The name “Utah” is derived from the name of the “Ute” Native American tribe now living primarily in Utah and Colorado.  According to www.uteindian.com, Ute means “Land of the sun”.  Thousands of years before European explorers arrived, Native American tribes represented the original inhabitants of the area now known as Utah.  This included the Desert Archaic Culture starting in 10,000 B.C., per the Utah History Encyclopedia, and the Anasazi and Fremont Native American tribes from about 1 A.D. to 1300.  The most recent inhabitants, the Utes, have been in southeast Utah since the 1200’s.  Since those ancient times, Utah has become a web of sacred places, dwelling sites, and intriguing rock art messages depicting their art, lives and beliefs through petroglyphs and pictographs.  The southern Utah region was explored by the Spanish in 1540, and trappers and fur traders explored some of the Utah areas in the early 19th century.  The first Mormon pioneers arrived in the Salt Lake Valley in 1847.  At that time, Utah was Mexican territory.  In 1848, Utah became a United States territory through the signing of the Treaty of Guadalupe Hidalgo, and in 1896 officially became a state.

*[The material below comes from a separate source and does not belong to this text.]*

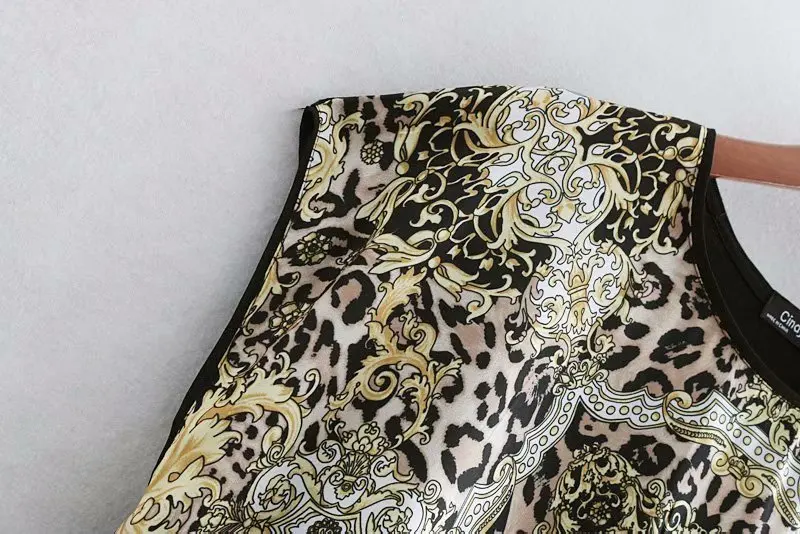 Женская винтажная блузка с принтом тотем Повседневная Блузка круглым вырезом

The images I chose to represent the theme this week are photos of some of the many rock art petryoglyphs left by some of Utah’s earliest inhabitants.  I find this art both fascinating and humbling, and took several photos last week when I was in Moab (Canyonlands and Arches National Park areas, Slickrock mountain biking, etc.)  See also my previous posting on Newspaper Rock petroglyphs near Canyonlands.

The first photo above was taking along the Potash-Lower Colorado River Scenic Byway (U-279) where you can see great views of the Colorado River, ancient petroglyphs and dinosaur tracks.  The presence of bows and arrows in this image is presumed to indicate a date after 500 A.D.

The photos below were taken along the Hurrah Pass Trail.

Moonflower Petroglyphs
Moonflower Petroglyphs, a photo by Fergiemoto on Flickr.  (Click on image to enlarge).

How would you interpret these petroglyphs?

If you live in Utah, or have visited, where are your favorite places?  If you have not visited Utah, what are the places would you like to see?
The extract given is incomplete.